Re: [PATCH v4 0/5] mm/zswap: Implement per-cgroup proactive writeback
From: Yosry Ahmed
Date: Mon Jun 22 2026 - 17:29:38 EST
On Mon, Jun 22, 2026 at 3:04 AM Youngjun Park <youngjun.park@xxxxxxx> wrote:
>
> On Mon, Jun 22, 2026 at 02:08:49PM +0800, Hao Jia wrote:
> >
> >
> > On 2026/6/21 12:20, Muchun Song wrote:
> > >
> > >
> > > > On Jun 18, 2026, at 12:48, Hao Jia <jiahao.kernel@xxxxxxxxx> wrote:
> > > >
> > > > From: Hao Jia <jiahao1@xxxxxxxxxxx>
> > > >
> > > > Zswap currently writes back pages to backing swap reactively, triggered
> > > > either by the shrinker or by the pool reaching its size limit. Although
> > > > proactive memory reclaim can automatically write back a portion of zswap
> > > > pages via the shrinker, it cannot explicitly control the amount of
> > > > writeback for a specific memory cgroup. Moreover, proactive memory reclaim
> > > > may not always be triggered during a steady state.
> > > >
> > > > In certain scenarios, it is desirable to trigger writeback in advance to
> > > > free up memory. For example, users may want to prepare for an upcoming
> > > > memory-intensive workload by flushing cold memory to the backing storage
> > > > when the system is relatively idle.
> > > >
> > > > This patch series introduces a "zswap_writeback_only" key to memory.reclaim
> > > > cgroup interface, allowing users to proactively write back cold compressed
> > > > data from zswap to the backing swap device. When specified, this key
> > > > bypasses standard memory reclaim and exclusively performs proactive zswap
> > > > writeback up to the requested budget. If omitted, the default reclaim
> > > > behavior remains unchanged.
> > > >
> > > > Example usage:
> > > > # Write back 10MB of compressed data from zswap to the backing swap
> > > > echo "10M zswap_writeback_only" > memory.reclaim
> > >
> > > I’m not entirely sure if other candidate names were already brought up
> > > in previous discussions, so my apologies if I'm repeating something here!

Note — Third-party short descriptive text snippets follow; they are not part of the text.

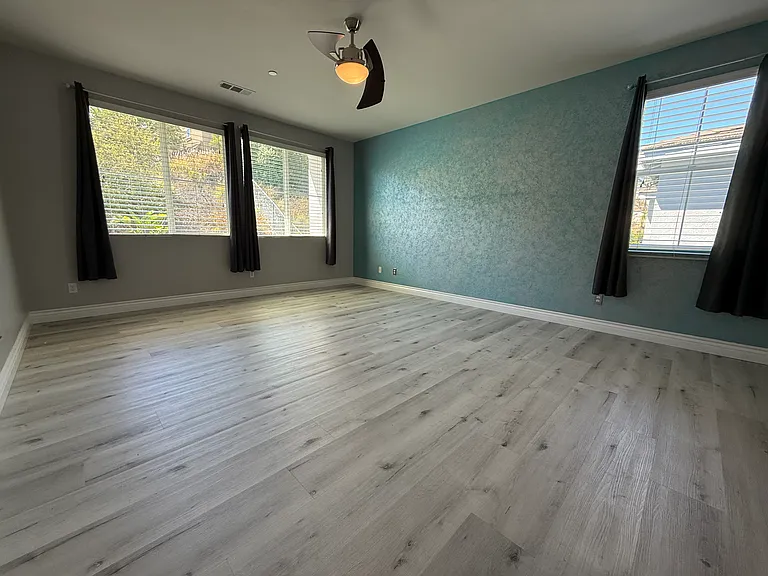 908 Terraza Mar — Photo 29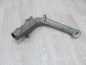 IVECO DAILY 2.3 PRZEWOD RURA TURBOSPREZARKI 504018426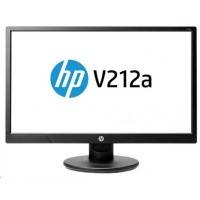 компьютер HP ProDesk 400 G3 Bundle T9S66EA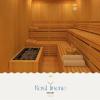hotel royal jinene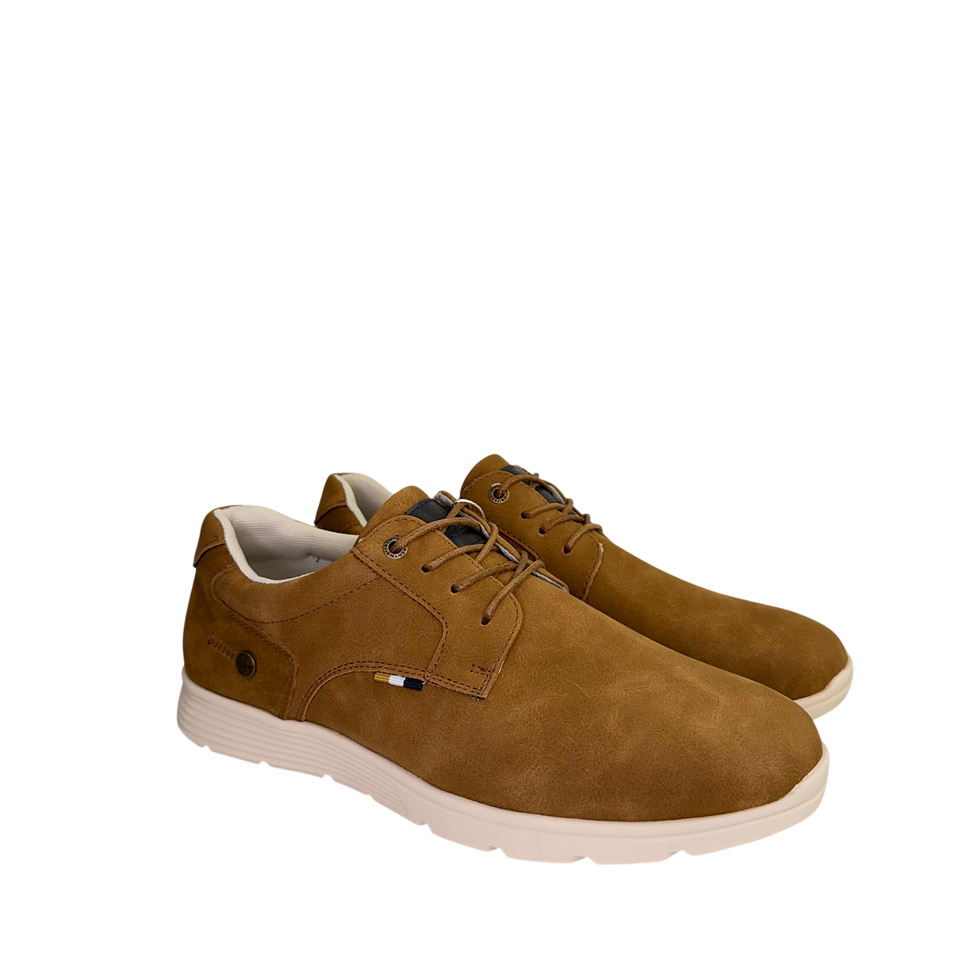 Miniatura: Zapatos Hombre REFRESH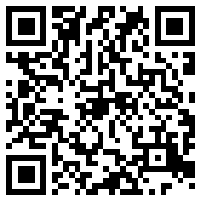 QR Code for bitcoin:1NVmLDm3oFkCEFSQ79cbWyRmx4B5JtxXoQ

> > > I do think expanding memory.reclaim is a great approach. That said, I
> > > was wondering if we could make the interface a bit more concise while
> > > keeping it flexible for future extensions.
> > >
> > > Essentially, what we want is to control the specific targets of the reclaim
> > > process—such as file, anon, or zswap. What do you think about using
> > > something like "source=zswap"? For instance, if we want to reclaim 10M from
> > > zswap, the command would look like this:
> > >
> > > echo "10M source=zswap" > memory.reclaim
I like this suggestion, but I think ultimately we want proactive zswap
writeback to be part of a more general proactive swap demotion, and
zswap is just a swap tier.
> > >
[..]
>
> I also preferred sharing the `memory.reclaim` interface in the future swap demotion,
> since it already takes `zswap_writeback_only`.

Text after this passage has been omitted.